*Assignment*. The data below is to be set down again exactly as written.

[Extracted data entries]
--- START ---

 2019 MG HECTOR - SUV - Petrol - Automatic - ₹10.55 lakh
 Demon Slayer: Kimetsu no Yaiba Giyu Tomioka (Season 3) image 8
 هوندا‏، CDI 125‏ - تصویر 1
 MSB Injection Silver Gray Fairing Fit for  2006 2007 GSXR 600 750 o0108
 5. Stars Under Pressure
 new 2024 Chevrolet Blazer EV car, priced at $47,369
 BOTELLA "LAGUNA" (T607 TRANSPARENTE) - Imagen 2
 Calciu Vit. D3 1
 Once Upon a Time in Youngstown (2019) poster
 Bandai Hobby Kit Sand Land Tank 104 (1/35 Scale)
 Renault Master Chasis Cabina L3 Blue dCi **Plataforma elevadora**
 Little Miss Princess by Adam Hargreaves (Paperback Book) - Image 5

--- END ---

*Task solution*.
 2019 MG HECTOR - SUV - Petrol - Automatic - ₹10.55 lakh
 Demon Slayer: Kimetsu no Yaiba Giyu Tomioka (Season 3) image 8
 هوندا‏، CDI 125‏ - تصویر 1
 MSB Injection Silver Gray Fairing Fit for  2006 2007 GSXR 600 750 o0108
 5. Stars Under Pressure
 new 2024 Chevrolet Blazer EV car, priced at $47,369
 BOTELLA "LAGUNA" (T607 TRANSPARENTE) - Imagen 2
 Calciu Vit. D3 1
 Once Upon a Time in Youngstown (2019) poster
 Bandai Hobby Kit Sand Land Tank 104 (1/35 Scale)
 Renault Master Chasis Cabina L3 Blue dCi **Plataforma elevadora**
 Little Miss Princess by Adam Hargreaves (Paperback Book) - Image 5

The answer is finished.